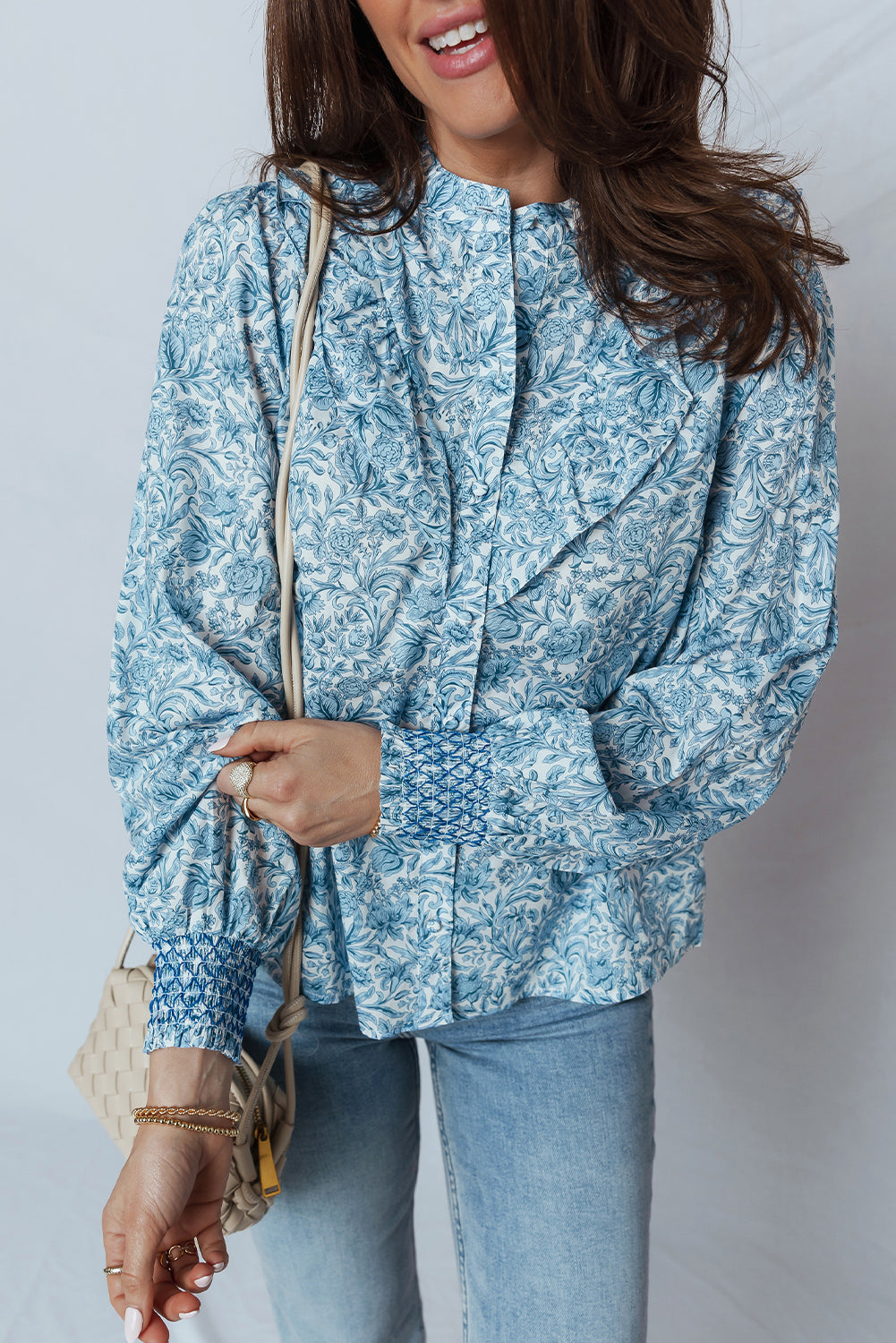 Floral Puff Sleeve Button-Up Shirt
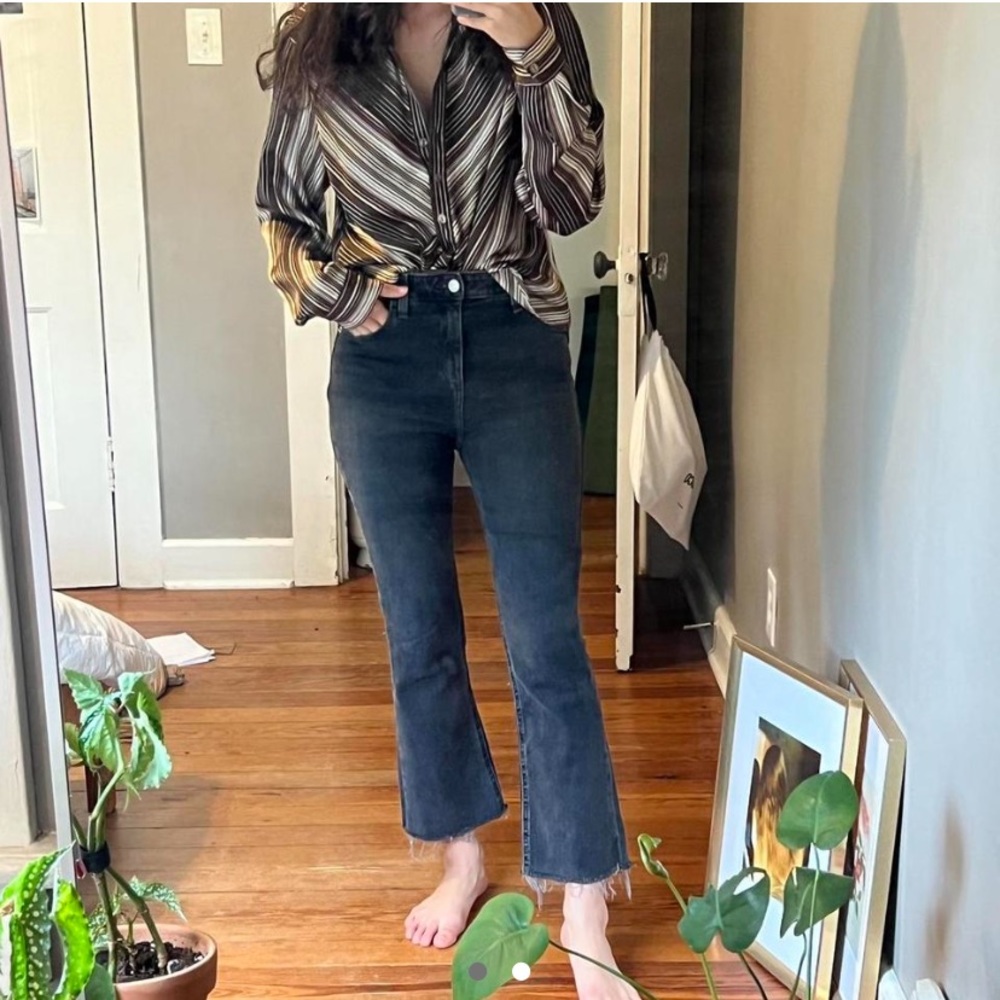 BDG high waisted flare raw hem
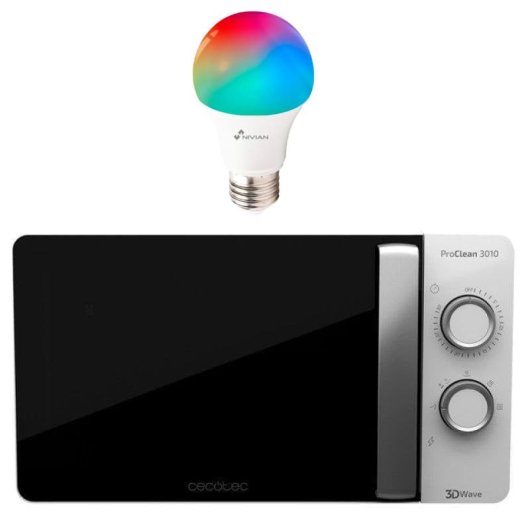 Micro-ondes Cecotec ProClean 3010 20L 700W avec 3DWave et Ready2Clean + Ampoule Intelligente Nivian RGB WiFi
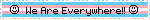 A trans flag blinkie. The text reads, We are everywhere!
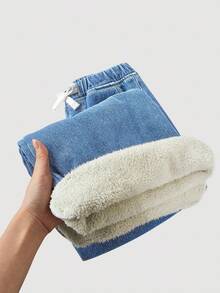 SHEIN 少女宽松基础款蓝色牛仔保暖裤，秋冬季 - 淺色水洗藍 - 查看 6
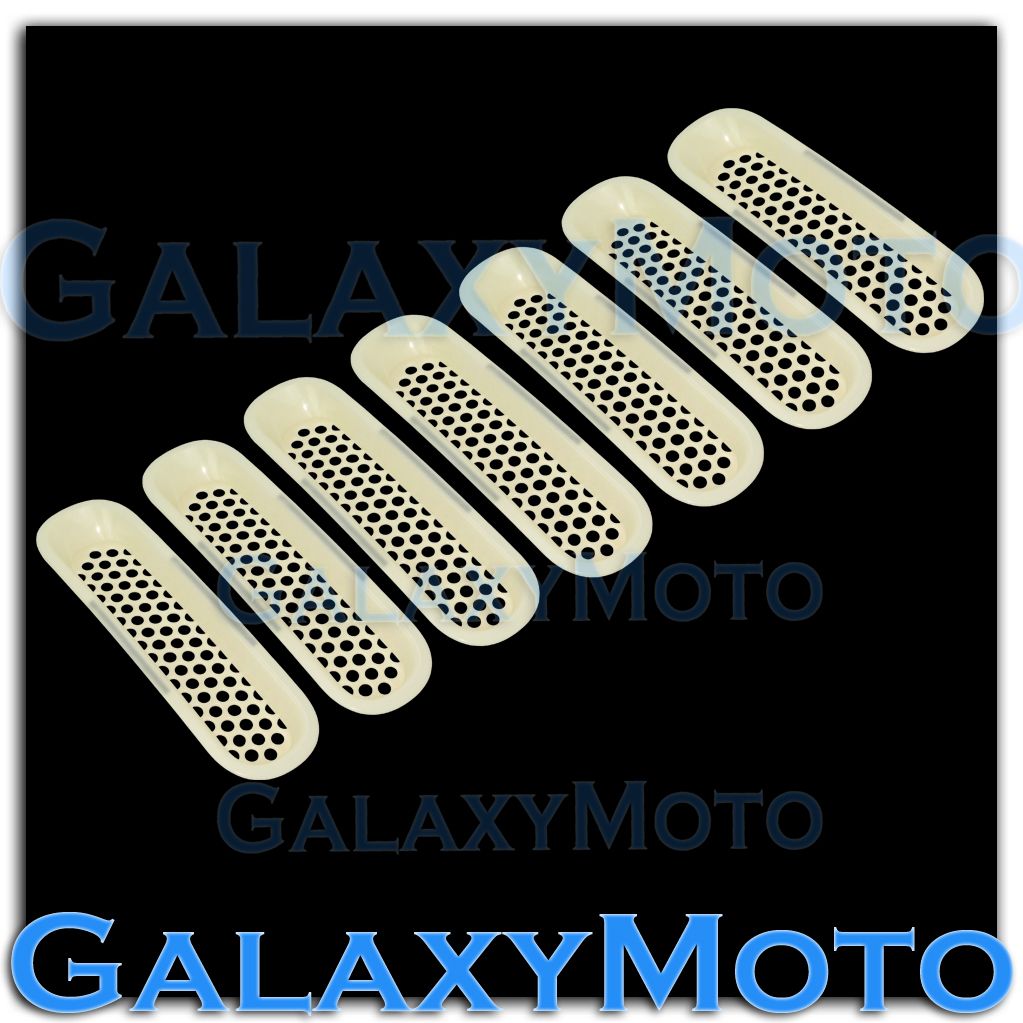 Chrome Trim 7pcs Grille Cover Insert Mesh Grill Shell for 07-17 Jeep JK Wrangler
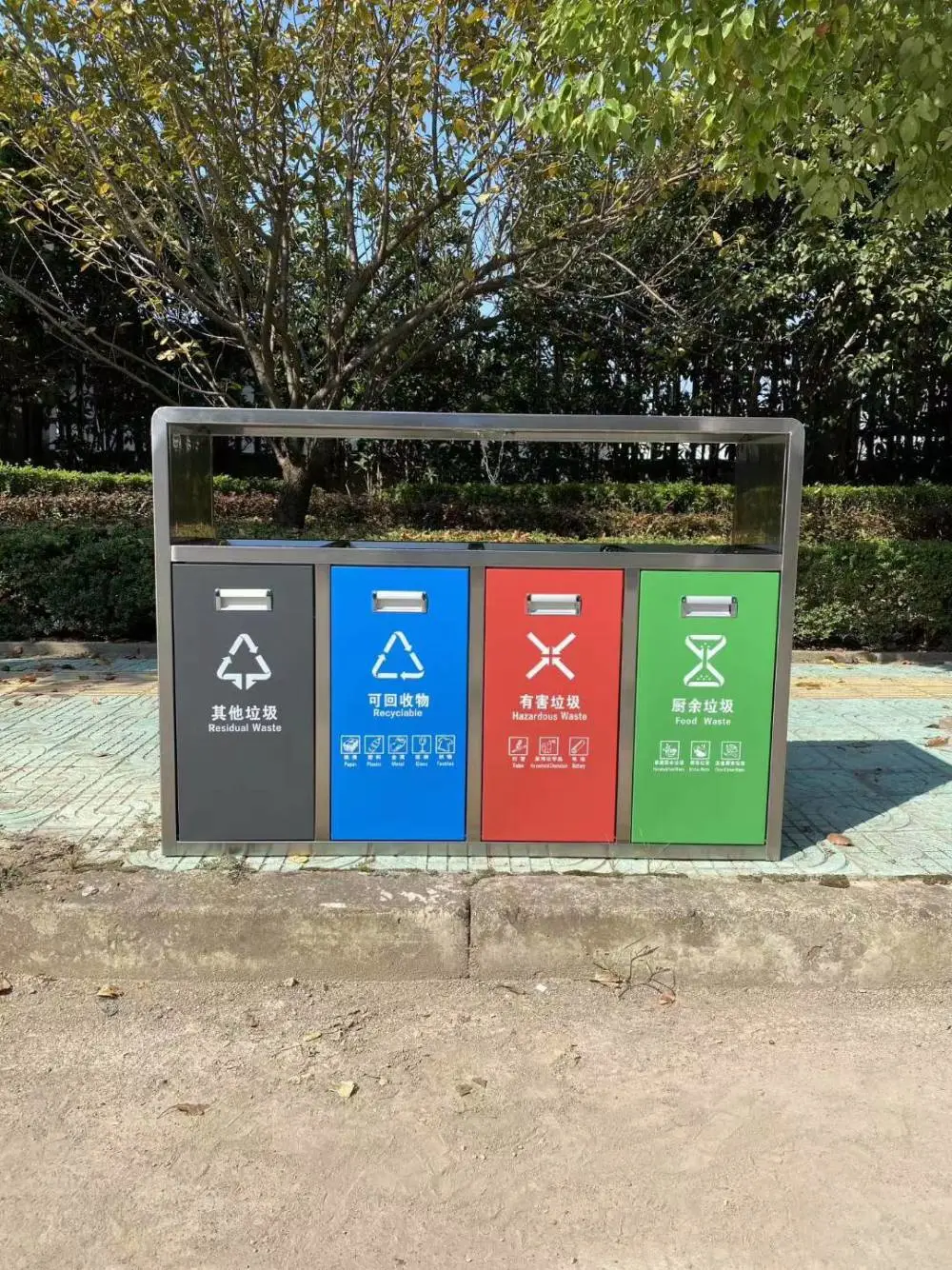日照AQEFD1450银东PVC市政景区垃圾桶 YD101-14镀锌板金属垃圾箱加工厂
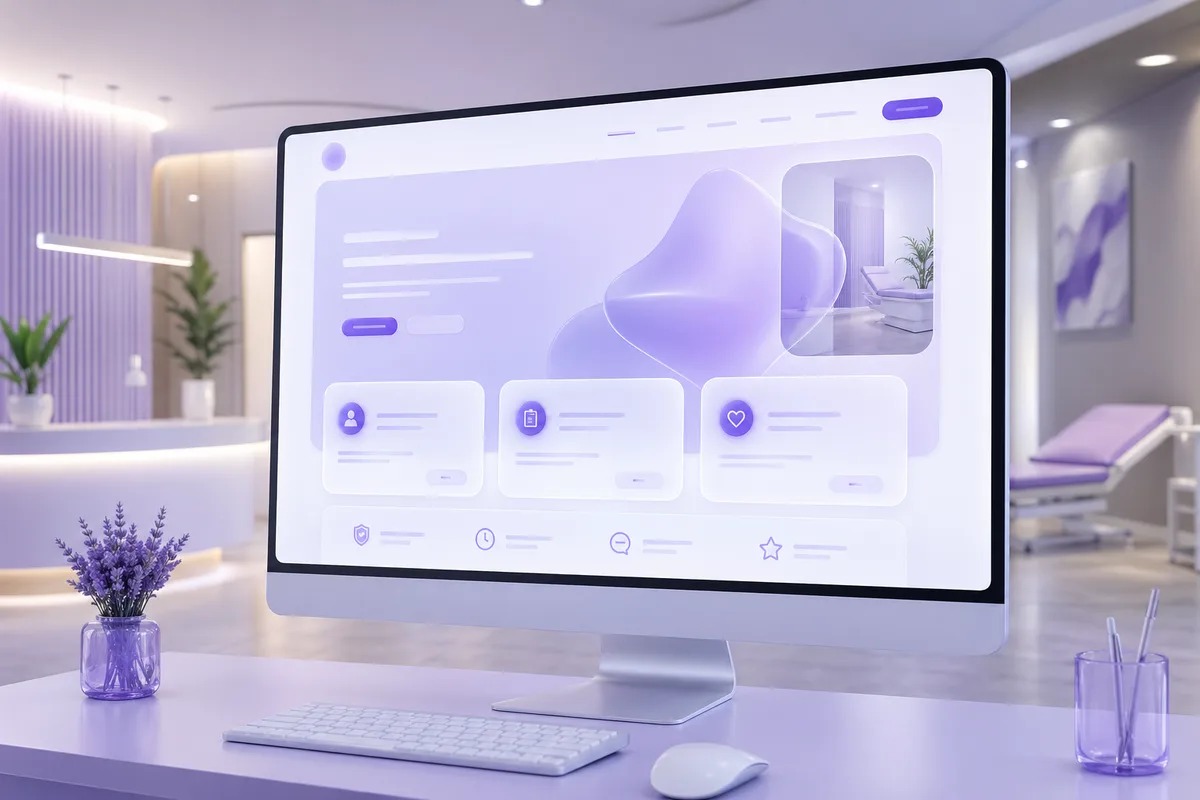 Ilustração premium: ecrã com layout de site médico minimalista em ambiente de consultório claro, tons violeta e branco.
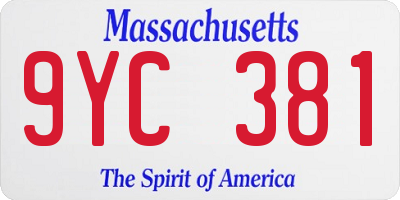 MA license plate 9YC381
----
**EXERCISE PROMPT:**
In the entries above, find the line containing "Micro-ondes Cecotec ProClean"; transcribe exactly that line and every line after it through the end, and only those, omitting pictures.

**WORKED SOLUTION:**
 Micro-ondes Cecotec ProClean 3010 20L 700W avec 3DWave et Ready2Clean + Ampoule Intelligente Nivian RGB WiFi
 A trans flag blinkie. The text reads, We are everywhere!
 SHEIN 少女宽松基础款蓝色牛仔保暖裤，秋冬季 - 淺色水洗藍 - 查看 6
 Chrome Trim 7pcs Grille Cover Insert Mesh Grill Shell for 07-17 Jeep JK Wrangler
日照AQEFD1450银东PVC市政景区垃圾桶 YD101-14镀锌板金属垃圾箱加工厂
 Ilustração premium: ecrã com layout de site médico minimalista em ambiente de consultório claro, tons violeta e branco.
 MA license plate 9YC381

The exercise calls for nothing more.